I have been saying for years: Casino games need to be way more complex, like video games on Xbox, PlayStation and Android.
Well, guess what. Someone is working on that near-future.
Earlier this week, I had a drink in a very private VIP room in the Wynn with David Chang and Strip executives and politicos. Chang, formerly of the IGN video game news empire, is chief marketing officer for Gamblit, a company creating video games with real-money gambling modes.
Chang and I talked about how we don’t gamble.
“Come on,” Chang said. “Anybody under my age — I’m 41 — doesn’t really find slot machines all that attractive.”
Then he showed me a gambling video game on his phone. It looked like a left-to-right platform game.
“I’m clearing the level. And when I kill our little zombie cat, I’m presented with a chance to wager,” he said.
I asked him to describe the casino video game future of 2020.
“Ideally, you would take this system with you wherever you go,” he said. “While you’re waiting in line at Tao, or waiting for your girlfriend or boyfriend to get dressed, or while you’re gambling.
“We think it’s a little too much to ask to get these (young) people to change their behaviors to engage a gambling machine and sit down.”
Video game gambling apps would work like this:
You would download a free app game (a shooting game, puzzle game, word game, or role-playing game) on your phone in, say, Iowa.
You fly to Las Vegas. Your game app recognizes you are in a gambling-legal Wi-Fi zone and sends a notification to your phone, reading, “You can now play this game for real money.”
Theoretically, people could gamble on app games even at the airport, if the airport gambling operator wanted to take part.

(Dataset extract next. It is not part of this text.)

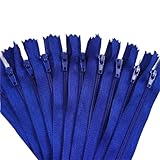 GCYEIDMA Cremalleras para Coser 10 Cremalleras de Nailon en Espiral de 3 a 24 Pulgadas (7,5 cm a 60 cm) for Manualidades de Costura a Medida, Cremalleras de Nailon(Deep Blue,60CM_10PCS)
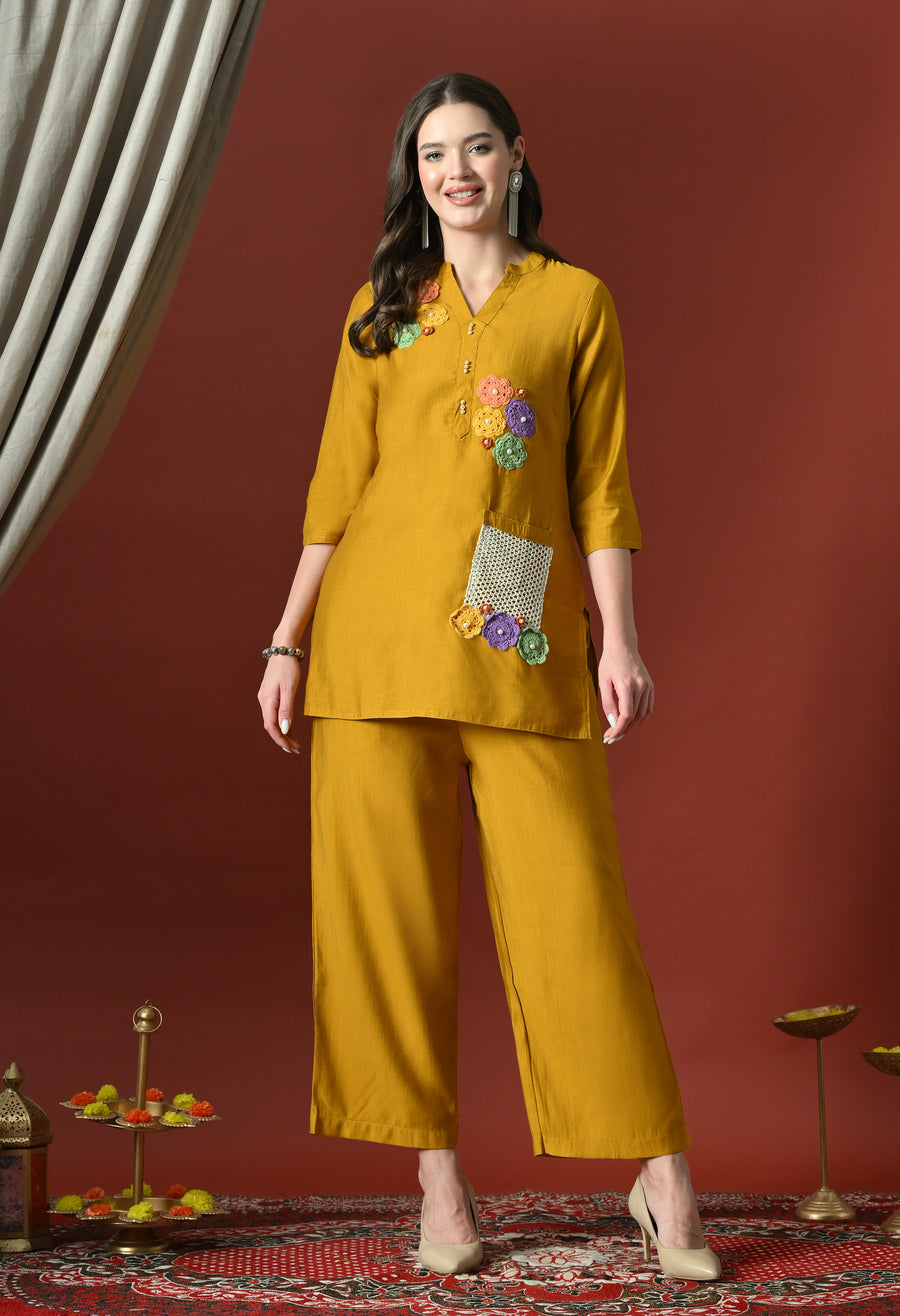 Yellow Embroidered Printed Casual V-Neck Top With Trousers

“In Nevada, it has to be Wi-Fi constrained within a gambling establishment,” Chang said.
Las Vegas and America are already behind.
“In the United Kingdom, you’ll be able to do this online, anywhere you are, this year,” Chang said.
What’s the holdup?
“It’s a chicken and the egg problem,” Chang said. “They (software companies that create video games) are like, ‘What casinos are you installed in?’ We say, ‘We’re closing these deals now.’ They say, ‘Well, let us know.’ ”
And casinos need games. So Gamblit created the first seed games, like the one Chang showed me with the zombie cats.
Another consideration: We gamers need electronic wallets, like those in Android and Apple phones, to use as banks. Casinos could have e-wallets too.
It might take only 40 hours for game companies to add gambling modes to existing video games, he guessed.
And big game makers must take the plunge into legalities.
“It’s whether or not people want to get into the gambling industry. It’s all the ancillary issues,” Chang said.
Games that are free-to-download (but pay-to-get-extras) already make mad cash. “Clash of Clans” makes $35 million a month, Chang said.
Which casino players are interested in tapping in?
“All of the major publicly traded casino operators. Wynn, MGM, Caesars, all of them. When we demonstrate this stuff, they say, ‘How fast can you do it?’ ” Chang said.
“It’s an infrastructure challenge. Do you (a casino, or a customer) have an e-wallet?
“They’re doing this kind of stuff now, so I don’t think it will be too long.”